Blood ties trump principle and values in dictating critical decisions

Donald Trump's children including, from left, Donald Jr., Ivanka and Eric are handling campaign tasks otherwise assigned to seasoned operatives, writes Patricia Murphy. (Tom Williams/CQ Roll Call)
Donald Trump's children including, from left, Donald Jr., Ivanka and Eric are handling campaign tasks otherwise assigned to seasoned operatives, writes Patricia Murphy. (Tom Williams/CQ Roll Call)

As recently as last year, decisions within the Republican Party were largely dominated by conservative principles and traditional values — a checklist of small-government, often religiously inspired, goals that sometimes prevented legislative progress, but at least bound the party together with ideas most Republicans seemed to share.  

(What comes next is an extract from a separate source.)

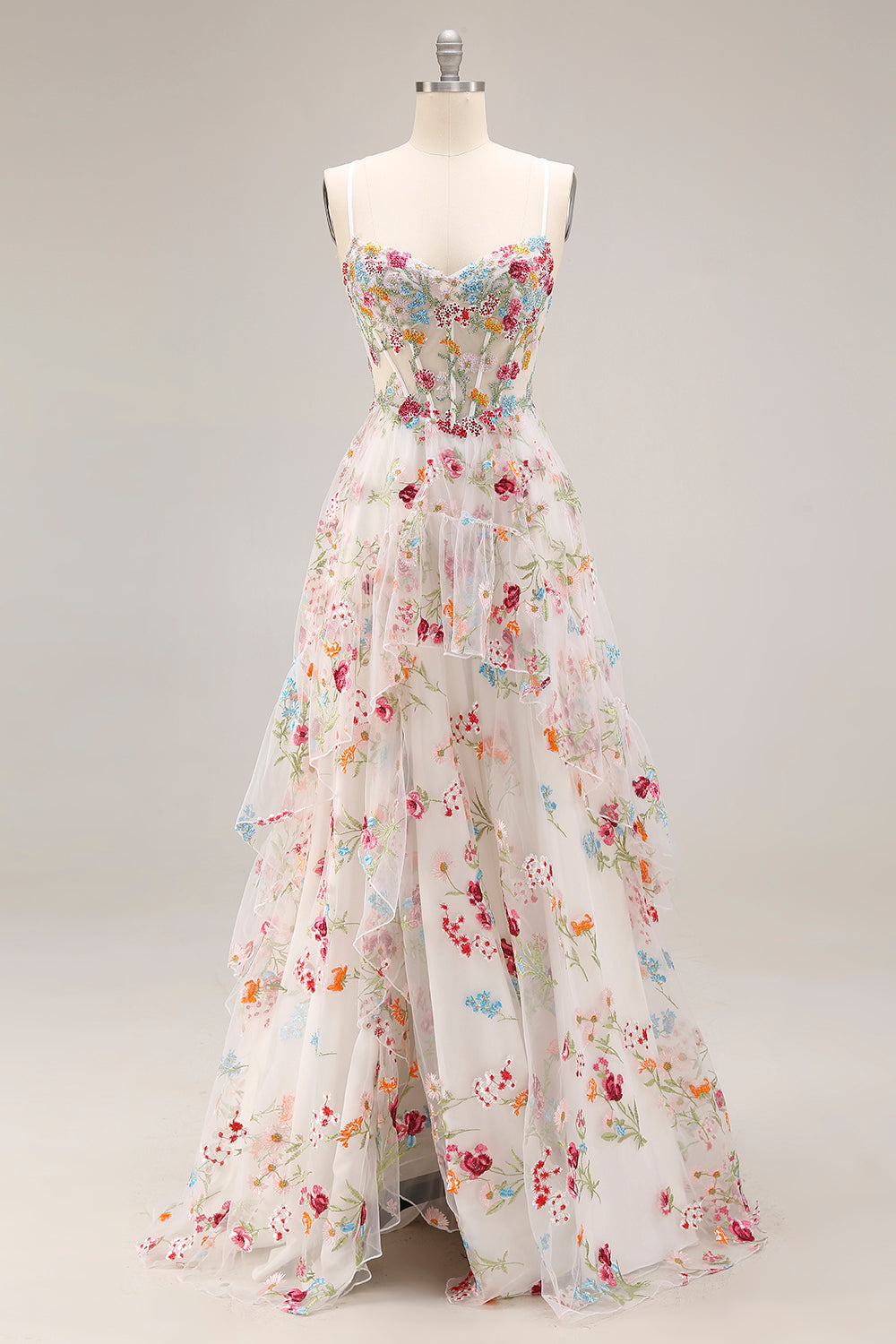 ZAPAKA Women Ivory Long Prom Dress with Ruffled Slit A Line Sheer Boned Corset Embroidered Floral Dress with Lace Up Open Back, Ivory Flower / US4 ZAPAKA Women Ivory Long Prom Dress with Ruffled Slit A Line Sheer Boned Corset Embroidered Floral Dress with Lace Up Open Back, Ivory Flower / US4
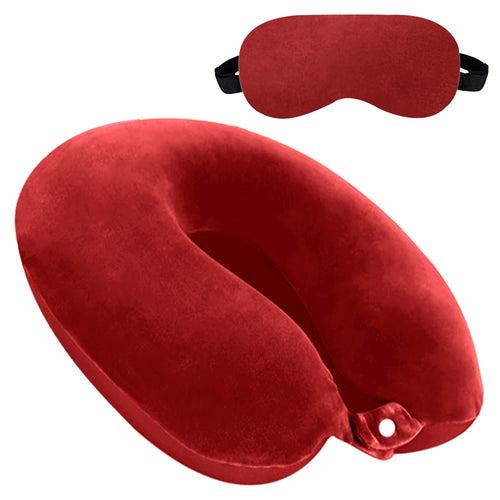 U-Shape Memory Foam Neck Pillow With Eye mask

But at the GOP convention in Cleveland this week, the driving force behind some of the most consequential developments affecting the party’s future were driven by old-fashioned family dynamics. And it turns out nearly everybody at the top of the party has major daddy issues.  

Even before the convention began, Donald Trump’s choice to bypass Chris Christie as his running mate reportedly came down to the fact that the New Jersey governor sent Jared Kushner’s father to prison back when Christie was a federal prosecutor. Christie had governing experience, policy expertise and easy chemistry with Trump, but as the tormentor of Trump’s in-laws, his sins against the Kushners would never be forgiven.  

Once the convention began, the unusually large role of Kushner and all of Trump’s children within the campaign became apparent. When Melania Trump’s speech became the subject of a plagiarism controversy, a ticktock of the process revealed Kushner had assigned the initial draft out to speechwriters, a job usually handled by a campaign’s communications director or speechwriting team.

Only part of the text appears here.